Question

# A machine costs Rs.97, 000 and its effective life is estimated to be 12 years. If the scarp realises Rs.2000 only, what amount should be retained out of profits at the end of each year to accumulate at compound interest of 5% per annum in order to buy a new machine after 12 years? $(use{1.05^{12}} = 1.769)$

Hint: To solve this problem we need to have knowledge about annuity concepts. Annuity means a series of fixed payments over a period of time.
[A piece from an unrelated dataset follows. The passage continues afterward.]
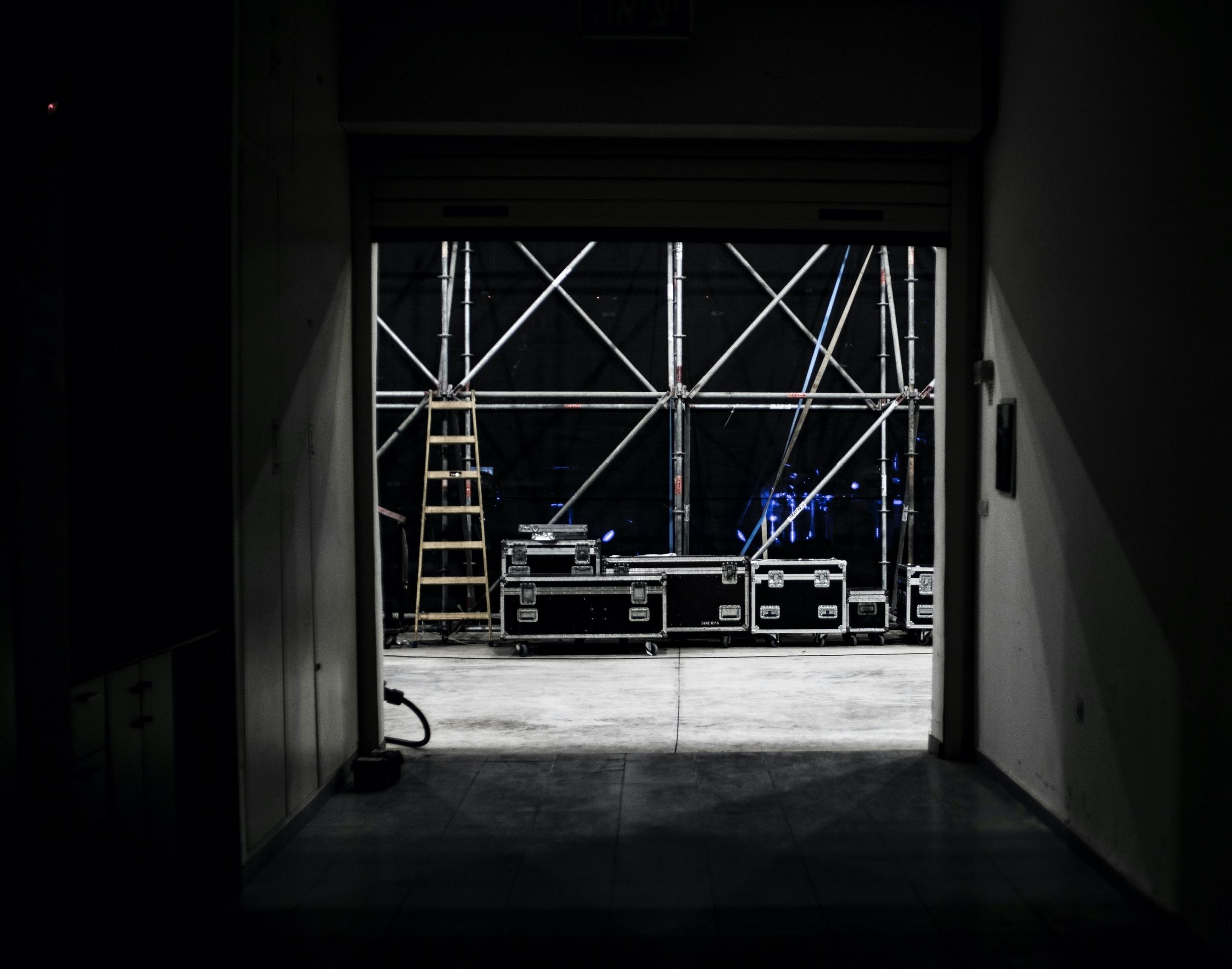et mørkt bilde av backstage med stillasaktige konstruksjoner og kasser med utstyr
Let us write the given data
Cost of the machine = Rs.97, 000
Value of scrap = Rs.2000
Effective cost of machine = cost of machine – value of scrap
= Rs.97, 000 - Rs.2000
=Rs.95, 000
Therefore the Effective cost of machine (Required money) = Rs.95, 000
Future annuity = $\dfrac{A}{r}\left[ {{{\left( {1 + r} \right)}^n} - 1} \right]$
Here Future annuity (required amount) =Rs.95, 000
Rate of interest = 5% =0.05, n=1
On substitute the value in the formula we get
$\Rightarrow 95000 = \dfrac{A}{{0.05}}\left[ {{{\left( {1 + 0.05} \right)}^{12}} - 1} \right]$
$\Rightarrow A = \dfrac{{0.05 \times 95000}}{{{{(1.05)}^2} - 1}} = \dfrac{{0.05 \times 95000}}{{0.769}} = 6176.85$
Therefore the Annuity amount (that is the amount that has to be retained at the end each year) =Rs.6176.85
NOTE: Annuity is the amount that we have to pay every year without any profits. Here future annuity means the required amount after removing scrap from cost price. Future annuity is also known as effective cost. To solve these kinds of problems we need to know the meaning of value.